Gensim's HDP model for topic modeling (gensim.models.hdpmodel.HdpModel) has a constructor that takes an argument called max_chunks.

On the documentation, it says max_chunks is the number of chunks the model will go over, and if that is larger than the number of chunks in supplied corpus, the training will wrap around the corpus.

Since I was warned by INFO logs that the likelihood function has been decreasing, I figure I may need multiple passes on corpus to converge.

LDA model provides with the passes argument the functionality to train on corpus for multiple iterations. I have difficulty figuring out how max_chunks in HDP maps to passes in LDA.

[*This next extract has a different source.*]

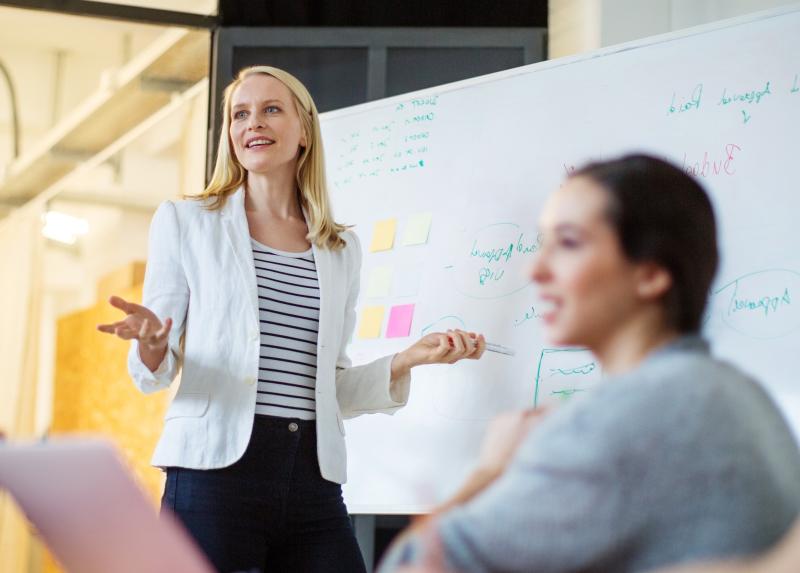 Woman standing in front of white board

For example, let say my corpus has 1000000 documents. what max_chunks needs to be exactly in order to train, say, 3 passes on my corpus.

Any suggestion? Many many thanks

2

2 Answers

1
votes

The chunksize, passes and also update_every options can be a bit confusing. What helped me was this link and specifically the section Chunksize, Passes, and Update_every

So in your case, if you are doing batch-LDA with update_every set to 0 and chunksize set to the number of documents, with passes set to 3 you should get three passes over the complete corpus.

In case of online-LDA, where update_every is set to 1, you could additionally use the chunksize to control the size of the mini-batches per pass.

0
votes

class gensim.models.hdpmodel.HdpModel(corpus, id2word, max_chunks=None, max_time=None, chunksize=256, kappa=1.0, tau=64.0, K=15, T=150, alpha=1, gamma=1, eta=0.01, scale=1.0, var_converge=0.0001, outputdir=None, random_state=None)

I think if you have 1000000 documents then if you use the default chunksize of 256 you'll need to have max_chunks=100000/256*3 to force 3 passes.

I'm also getting the WARNING : likelihood is decreasing! message, and I think that my corpus is too small (608 short texts) and too uniform to find topics in.